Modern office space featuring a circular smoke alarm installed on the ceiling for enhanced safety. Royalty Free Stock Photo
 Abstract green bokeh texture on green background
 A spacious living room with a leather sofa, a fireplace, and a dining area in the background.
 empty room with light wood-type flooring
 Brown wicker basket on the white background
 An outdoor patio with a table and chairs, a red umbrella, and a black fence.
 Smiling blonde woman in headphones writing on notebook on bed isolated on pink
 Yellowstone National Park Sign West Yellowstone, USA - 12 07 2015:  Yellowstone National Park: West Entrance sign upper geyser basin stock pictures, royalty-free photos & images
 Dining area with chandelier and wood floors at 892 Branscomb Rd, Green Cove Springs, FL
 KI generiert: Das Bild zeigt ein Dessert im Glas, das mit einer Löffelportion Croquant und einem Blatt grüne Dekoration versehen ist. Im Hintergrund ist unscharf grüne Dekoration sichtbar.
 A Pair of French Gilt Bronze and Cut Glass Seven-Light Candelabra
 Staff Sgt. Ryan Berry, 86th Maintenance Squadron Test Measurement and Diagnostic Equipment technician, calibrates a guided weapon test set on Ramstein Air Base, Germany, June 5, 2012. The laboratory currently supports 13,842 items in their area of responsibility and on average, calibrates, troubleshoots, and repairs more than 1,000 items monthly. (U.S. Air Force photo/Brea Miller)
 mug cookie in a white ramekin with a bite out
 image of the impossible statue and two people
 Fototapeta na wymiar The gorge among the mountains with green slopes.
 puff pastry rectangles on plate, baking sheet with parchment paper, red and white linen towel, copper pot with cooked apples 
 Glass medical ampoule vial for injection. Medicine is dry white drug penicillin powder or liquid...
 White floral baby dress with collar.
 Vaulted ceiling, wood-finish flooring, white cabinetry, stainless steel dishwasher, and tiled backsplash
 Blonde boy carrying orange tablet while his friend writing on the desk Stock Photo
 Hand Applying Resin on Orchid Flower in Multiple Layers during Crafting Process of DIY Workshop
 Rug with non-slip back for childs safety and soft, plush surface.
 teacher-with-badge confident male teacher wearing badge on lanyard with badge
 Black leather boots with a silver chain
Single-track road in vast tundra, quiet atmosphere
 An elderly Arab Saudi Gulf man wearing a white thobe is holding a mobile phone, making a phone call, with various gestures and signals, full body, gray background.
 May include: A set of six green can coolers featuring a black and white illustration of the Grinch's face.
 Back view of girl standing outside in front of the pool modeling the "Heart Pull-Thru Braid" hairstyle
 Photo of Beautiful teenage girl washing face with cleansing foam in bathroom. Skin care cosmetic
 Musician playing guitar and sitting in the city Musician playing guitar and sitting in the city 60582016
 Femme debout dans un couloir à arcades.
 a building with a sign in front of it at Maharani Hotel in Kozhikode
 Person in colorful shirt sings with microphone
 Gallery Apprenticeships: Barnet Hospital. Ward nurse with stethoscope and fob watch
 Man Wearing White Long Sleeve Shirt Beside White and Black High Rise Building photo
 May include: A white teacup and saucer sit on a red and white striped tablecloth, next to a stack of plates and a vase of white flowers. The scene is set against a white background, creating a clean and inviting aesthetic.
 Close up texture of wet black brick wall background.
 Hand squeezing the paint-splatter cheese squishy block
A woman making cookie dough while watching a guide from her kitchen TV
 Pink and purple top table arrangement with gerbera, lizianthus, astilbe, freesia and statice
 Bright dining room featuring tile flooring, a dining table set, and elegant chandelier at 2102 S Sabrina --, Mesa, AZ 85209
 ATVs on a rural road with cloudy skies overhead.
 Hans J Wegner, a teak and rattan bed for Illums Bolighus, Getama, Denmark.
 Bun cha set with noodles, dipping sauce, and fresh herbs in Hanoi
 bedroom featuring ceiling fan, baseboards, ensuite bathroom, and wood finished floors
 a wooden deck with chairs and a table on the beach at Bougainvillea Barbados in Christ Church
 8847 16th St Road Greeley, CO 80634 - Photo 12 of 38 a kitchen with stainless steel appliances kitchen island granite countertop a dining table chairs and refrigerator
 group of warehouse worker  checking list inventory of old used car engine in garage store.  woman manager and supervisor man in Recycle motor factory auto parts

------------------------------

EXERCISE INSTRUCTIONS:
Of the lines above, retype only those from the line containing "Man Wearing White" through the line containing "Hand squeezing the", including both, exactly.

EXERCISE RESPONSE:
 Man Wearing White Long Sleeve Shirt Beside White and Black High Rise Building photo
 May include: A white teacup and saucer sit on a red and white striped tablecloth, next to a stack of plates and a vase of white flowers. The scene is set against a white background, creating a clean and inviting aesthetic.
 Close up texture of wet black brick wall background.
 Hand squeezing the paint-splatter cheese squishy block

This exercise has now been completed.